Tips for a great steak


Recently, I was asked how to grill a steak. Here’s a few tips on how to grill up a tasty, juicy steak. My favorite cut is the rib eye, but the same tips apply to other cuts.

  1. Meat: Get good quality meat, 1-1.5″ inches thick. Look for a nice even marbling of fat throughout the slab of meat. Fat is flavor, and will help to keep it moist and juicy while it cooks. I typically get my steaks from Costco or Whole Foods.
  2. Season: You can simply season the steaks with kosher salt if you’re a purist. I like using Emeril’s Steak Rub as I enjoy the combination of spices. Lightly apply some canola or vegetable oil to the steaks and then apply your rub. The oil will help deliver the flavor of the rub to the steak. After seasoning, let your steaks come to room temperature for at least 30 minutes, covered with some saran wrap/cling film.
  3. Heat: I cook my steaks on a $99 weber grill that I got from Home Depot. I use any charcoal readily available. I like the high heat that grilling over charcoal provides. Use a charcoal chimney to get your coals nice and hot. When flames are coming off the top of the chimney and the coals are starting to turn ashy white, pile the coals on one half of your grill. This helps to focus the heat and leave room for you to move your steaks in case you run into flare-ups.
  4. Leave it alone: Once you start grilling the steaks, leave them alone. Only touch the steaks if you encounter a flare-up. If this happens, spray the coals with a spray bottle filled with water to make the flames subside, or drag the steaks to the cool side of the grill until the flames die out, then drag the steaks back to their spot. I prefer my steaks medium rare. For ribeyes, I cook the steaks for about 3 minutes each side, depending on the thickness.
  5. Rest: Once your steaks are cooked, you must let them rest for 8-10 minutes to allow the juices to redistribute. If you cut into the steaks immediately after removing them from the grill, all the juices will run out of the steak and it will be swimming in a pool of steak juice. Be patient, let the steaks rest and you will be rewarded.

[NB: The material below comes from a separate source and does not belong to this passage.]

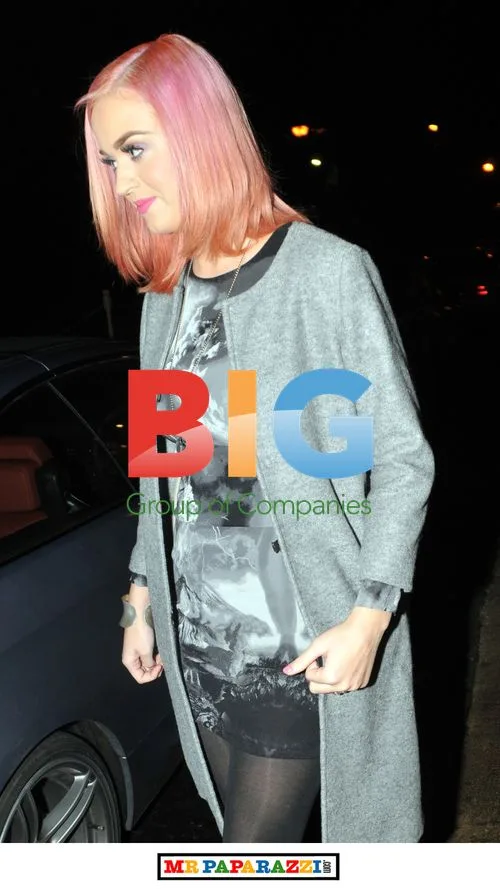 Katy Perry Leaves Glasgow Hotel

Finally, for you visual learners, check out this video of Chef Zakarian preparing a rib eye.


  1. Laura says

    I like it when you talk steak. I’ll have to try that rub. Totally agree about leaving them alone. Ribeye’s are a great cut. We tried a skirt steak last night and that was nice and tender. However, my favorite cut for camping is the Porter House. It travel well in a ziplock bag with crushed garlic, salt and pepper. By the time you get to your campsite and the sun starts to set, they are ready for the fire.